— Exercise aim —
Among the lines below, restate word for word only those from the line with "Yosemite in Winter" through the line with "Landscape of a", with both end lines kept.

— Exercise materials —
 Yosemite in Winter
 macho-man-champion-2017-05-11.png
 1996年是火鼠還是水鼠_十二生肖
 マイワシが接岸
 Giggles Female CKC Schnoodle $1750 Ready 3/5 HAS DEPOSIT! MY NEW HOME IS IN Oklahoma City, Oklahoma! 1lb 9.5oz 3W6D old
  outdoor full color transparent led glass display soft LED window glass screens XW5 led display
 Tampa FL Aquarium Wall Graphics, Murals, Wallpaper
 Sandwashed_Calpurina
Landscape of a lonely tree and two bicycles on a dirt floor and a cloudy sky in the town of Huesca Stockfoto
==
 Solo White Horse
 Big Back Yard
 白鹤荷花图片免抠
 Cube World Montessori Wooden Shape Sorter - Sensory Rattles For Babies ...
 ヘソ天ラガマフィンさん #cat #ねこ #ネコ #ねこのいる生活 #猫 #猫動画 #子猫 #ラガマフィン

— Answer to the problem —
 Yosemite in Winter
 macho-man-champion-2017-05-11.png
 1996年是火鼠還是水鼠_十二生肖
 マイワシが接岸
 Giggles Female CKC Schnoodle $1750 Ready 3/5 HAS DEPOSIT! MY NEW HOME IS IN Oklahoma City, Oklahoma! 1lb 9.5oz 3W6D old
  outdoor full color transparent led glass display soft LED window glass screens XW5 led display
 Tampa FL Aquarium Wall Graphics, Murals, Wallpaper
 Sandwashed_Calpurina
Landscape of a lonely tree and two bicycles on a dirt floor and a cloudy sky in the town of Huesca Stockfoto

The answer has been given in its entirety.